The East German government viewed the Wall as protection against ideals they considered the antithesis of Communism. They actively discouraged the penetration of western influence on the citizens of the East. But by the 1980s, the popular culture of the West, including its music, had become all-pervasive.
From June 1987 to January 1989, Michael Jackson toured Japan, Australia, the US, Europe and the UK with his ‘Bad’ world tour. On 19 June 1988, he performed an open-air concert in front of 50,000 fans on the grounds of the Platz der Republik, facing the Reichstag, in West Berlin.
Only a year earlier music fans in the East had amassed on their side of the Wall during a concert by Genesis, David Bowie and the Eurythmics. They had begun chanting “Down with the Wall” and “Gorby, Gorby” in support of Soviet leader Mikhail Gorbachev’s policy reform in favour of openness (“glasnost”). On that occasion they had been beaten with batons and scores were arrested. Now, in 1988, the Stasi (East German secret police) were very concerned that a concert by the biggest international music star of the decade would cause similar or worse political unrest in East Berlin.

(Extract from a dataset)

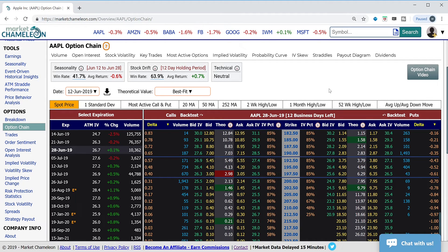Hey everybody, this is Dimitri Pargamonik with marketchameleon.com. I wanted to go over really quickly this IV percentile rank, which is the implied volatility percentile rank in this column here in orange. When you first open up an options chain like I did here in Apple and you start looking at the option prices, one of the first questions you want to ask yourself is: are the options today relatively cheap or relatively expensive? We have a few different tools to help us with that assessment.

Following Michael Jackson’s passing in 2009, it was discovered that the Stasi had kept a file on him. It contained a report that stated: “Youths are prepared to go to any lengths to experience this concert around the area of the Brandenburg Gate [next to the wall].” The report added that the aim of the clash was to “test the limits of the security organ”. 
Time reports: “In the minutes of a preparatory meeting of Stasi officials, dated May 4, 1988, the Stasi notes discussions that it was having with the head of the West German company that was organizing the concert. The names are blacked out in the report. According to the report, the organizer ‘together with Jackson’s management is willing to build the stage at such a height that it is not visible from Unter den Linden’ — the boulevard on the eastern side of the Brandenburg Gate — ‘and to position the speakers appropriately.’ The plan also involved broadcasting the Jackson concert in a stadium in East Berlin with a two-minute delay, so the East Germans could replace the live performance with a videotape of a previous performance should Jackson make any undesirable political comments.” 
But there was no stopping the Jackson juggernaut. In fact, some of the hype was intensified by local TV station SAT who hired a Jackson look-alike to visit Checkpoint Charlie – the famous crossing point from West to East at the heart of the divided city – to see how the public would react.
The double was convincing enough for the Stasi, who closely monitored his movements and kept a photo of him in Michael’s Stasi file (as reproduced here). On a report card next to Jackson’s name and date of birth, it detailed how the double got out of a limousine at 2.52 pm and was accompanied “at all times by a 25-year-old-female.”  Meantime, unbeknownst to the Stasi, the real King of Pop remained in his hotel.
As Time recalls: “The coup was so successful that it worked again 20 years later when Jackson’s Stasi file, and the infamous pictures, emerged. This time SAT 1 nearly fell for its own prank. ‘We certainly would have fallen for the Stasi pictures but by chance a colleague was on duty who happened to be at the shooting of the Jackson double back in 1988,’ said Diana Schardt, spokeswoman for SAT 1 television. ‘We almost went with it, but then cleared it up.’” 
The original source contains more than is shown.